Work request:
Copy every line of the data that contains the string "featuring".

Data provided:
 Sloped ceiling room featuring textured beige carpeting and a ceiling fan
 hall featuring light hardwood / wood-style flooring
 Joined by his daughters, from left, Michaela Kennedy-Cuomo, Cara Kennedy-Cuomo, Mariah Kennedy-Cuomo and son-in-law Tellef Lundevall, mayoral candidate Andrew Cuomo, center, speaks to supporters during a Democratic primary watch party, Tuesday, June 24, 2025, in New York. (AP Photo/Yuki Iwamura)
...
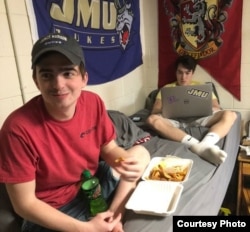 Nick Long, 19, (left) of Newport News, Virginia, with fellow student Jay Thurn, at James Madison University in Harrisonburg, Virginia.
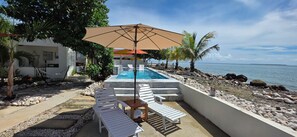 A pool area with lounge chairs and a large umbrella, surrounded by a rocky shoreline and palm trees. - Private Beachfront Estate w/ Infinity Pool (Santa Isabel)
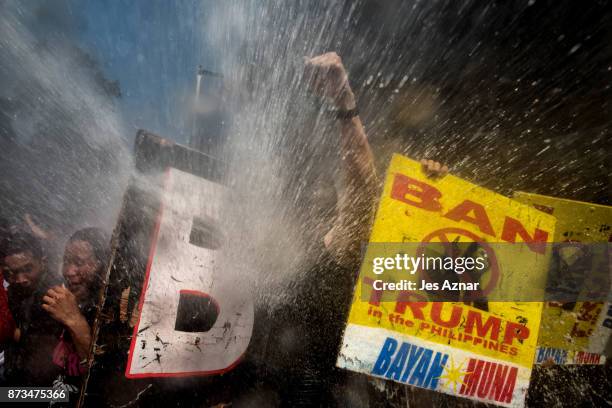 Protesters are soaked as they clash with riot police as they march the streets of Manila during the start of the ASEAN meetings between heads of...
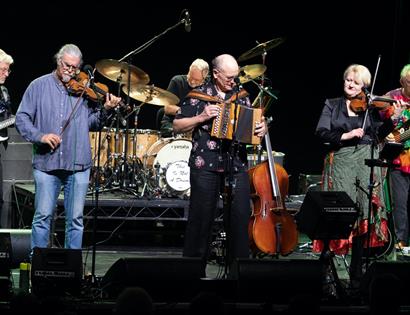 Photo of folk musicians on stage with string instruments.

Written reply:
 Sloped ceiling room featuring textured beige carpeting and a ceiling fan
 hall featuring light hardwood / wood-style flooring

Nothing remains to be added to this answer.